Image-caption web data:
===============

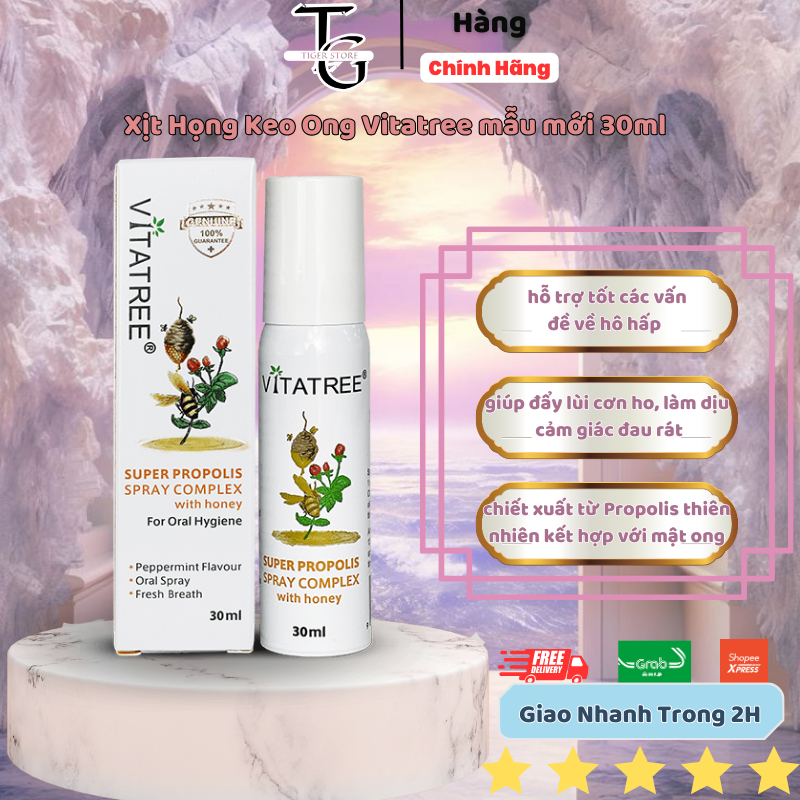 Xịt Họng Keo Ong Làm Dịu Tức Thời Các Cơn Đau Họng Vitatree Úc - 30ml [ Mẫu Mới ]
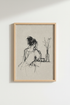 Woman Sketch | Minimalist Black & Beige Line Art, Bedroom Decor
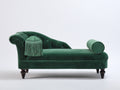 Chaiselongue aus Samt 182 x 82 x 92 cm - Dunkelgrün-Dunkelbraun - Gepolstert mit Knopfheftung und Holzbeinen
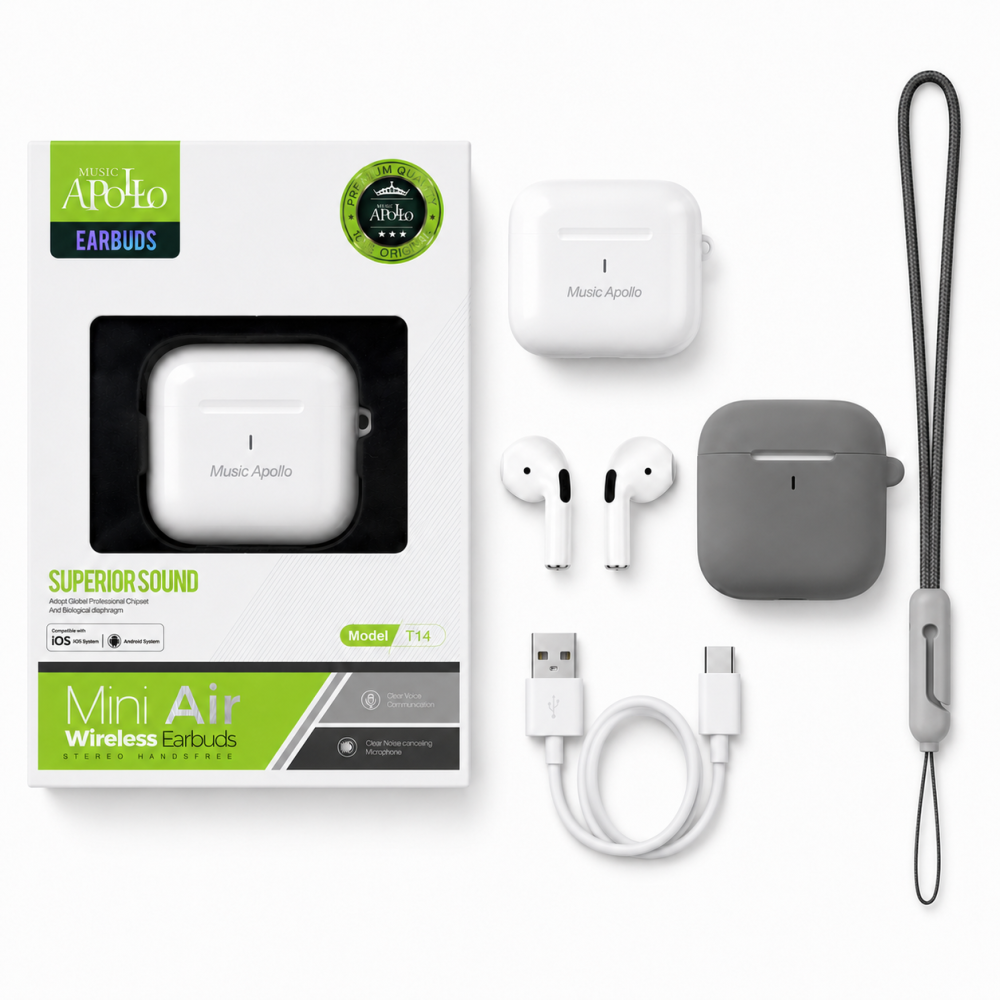 Căști Wireless Bluetooth T14 Mini Air, autonomie până la 30 ore, ENC, microfon, cablu USB-C, husa silicon și șnur - Alb [4]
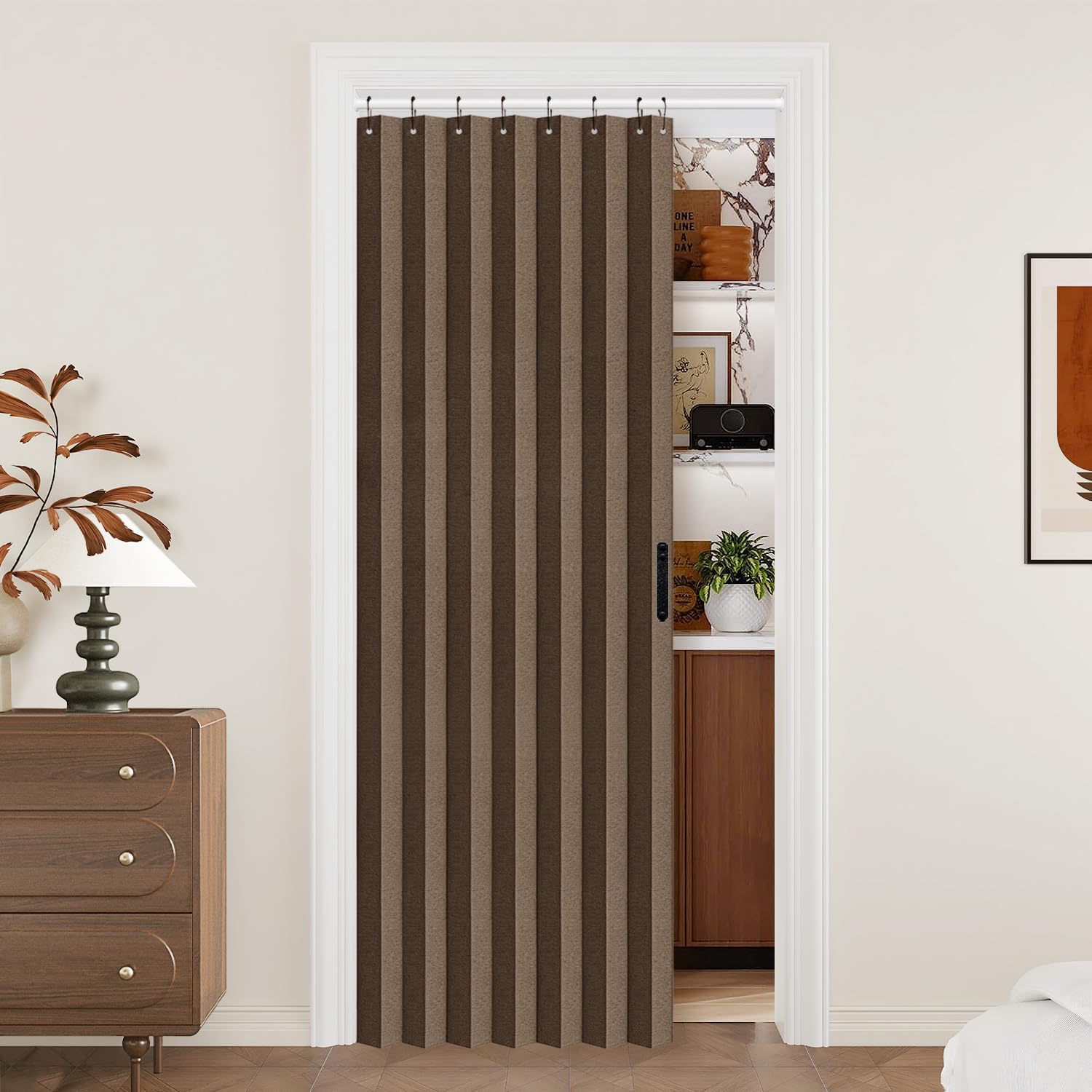 Vatge Door Curtains for Doorways - Elegant Brown Room Divider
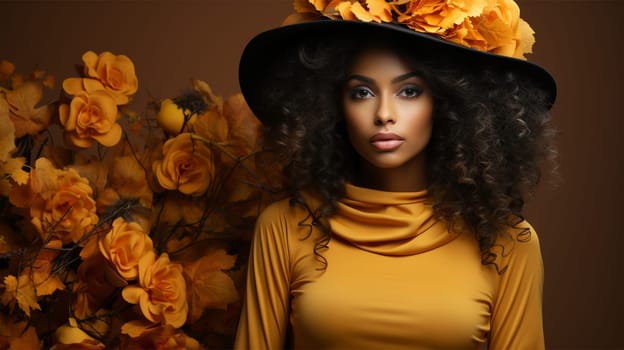 Attractive African American woman in stylish orange dress and hat looking at camera, studio portrait with yellow autumn flowers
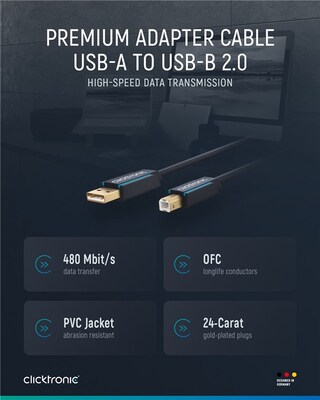 Kábel USB 2.0 A-B M/M 1.8m, High Speed, modrý, ClickTronic, pozl. konektor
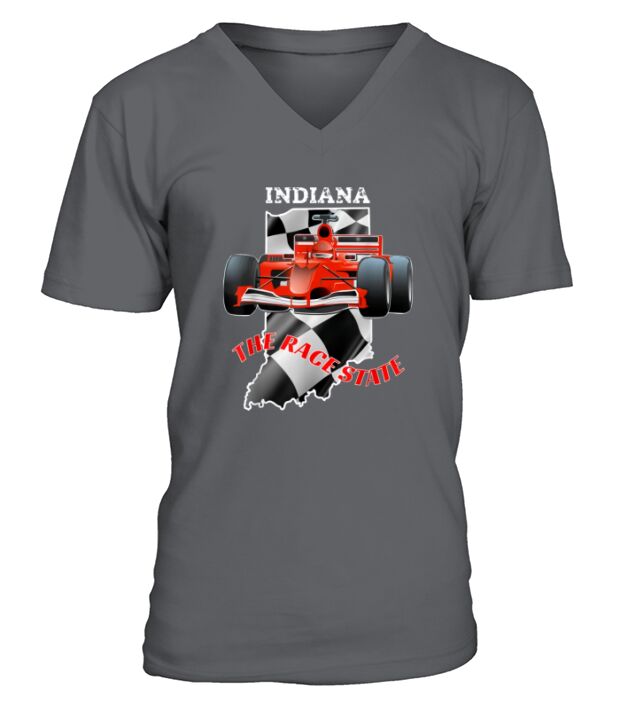 500 Indianapolis Indiana the Race State Checkered Flag V-Neck T-shirt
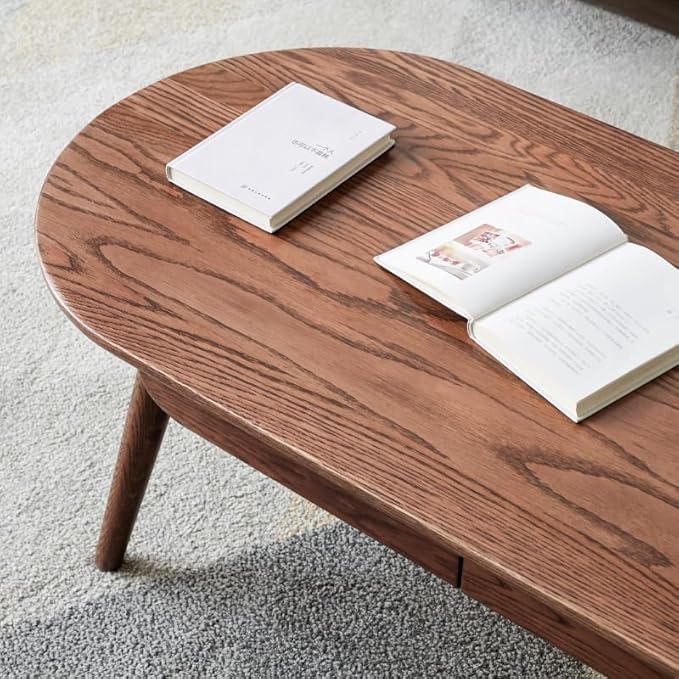 QKFF Solid Wood Coffee Table with Drawers - 100% North American FAS Grade Oak, Traditional Mortise and Tenon Craftsmanship, Low Table for Living Room & Home Office Eco-Friendly Finish
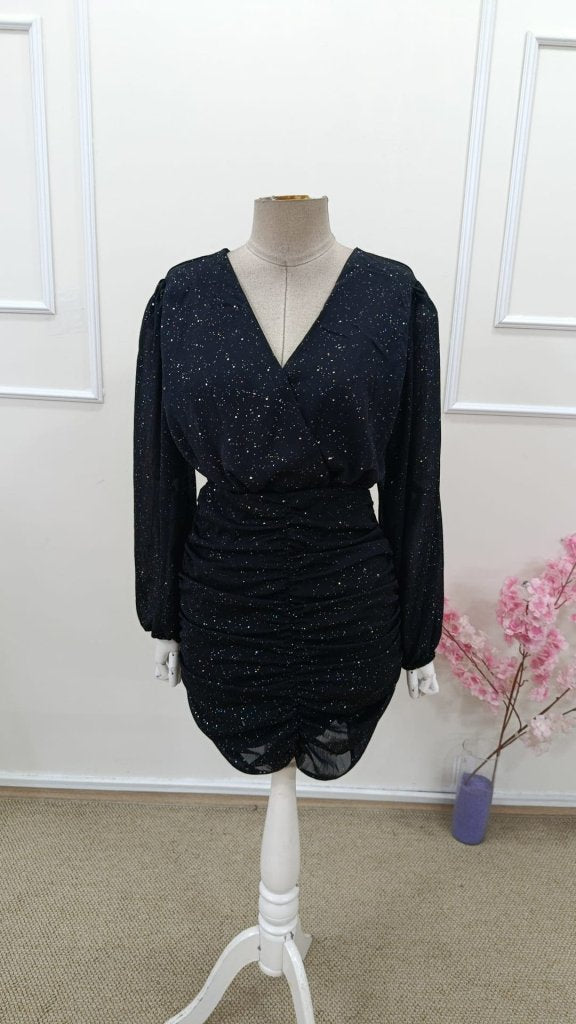 Women's Long Sleeve Wrap Neck Beltless Shimmer Lined Mini Chiffon Dress, 31630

===============

Give the entries again without a single change, but with no pictures.

**RESPONSE BELOW**
 Xịt Họng Keo Ong Làm Dịu Tức Thời Các Cơn Đau Họng Vitatree Úc - 30ml [ Mẫu Mới ]
 Woman Sketch | Minimalist Black & Beige Line Art, Bedroom Decor
 Chaiselongue aus Samt 182 x 82 x 92 cm - Dunkelgrün-Dunkelbraun - Gepolstert mit Knopfheftung und Holzbeinen
 Căști Wireless Bluetooth T14 Mini Air, autonomie până la 30 ore, ENC, microfon, cablu USB-C, husa silicon și șnur - Alb [4]
 Vatge Door Curtains for Doorways - Elegant Brown Room Divider
 Attractive African American woman in stylish orange dress and hat looking at camera, studio portrait with yellow autumn flowers
 Kábel USB 2.0 A-B M/M 1.8m, High Speed, modrý, ClickTronic, pozl. konektor
 500 Indianapolis Indiana the Race State Checkered Flag V-Neck T-shirt
 QKFF Solid Wood Coffee Table with Drawers - 100% North American FAS Grade Oak, Traditional Mortise and Tenon Craftsmanship, Low Table for Living Room & Home Office Eco-Friendly Finish
 Women's Long Sleeve Wrap Neck Beltless Shimmer Lined Mini Chiffon Dress, 31630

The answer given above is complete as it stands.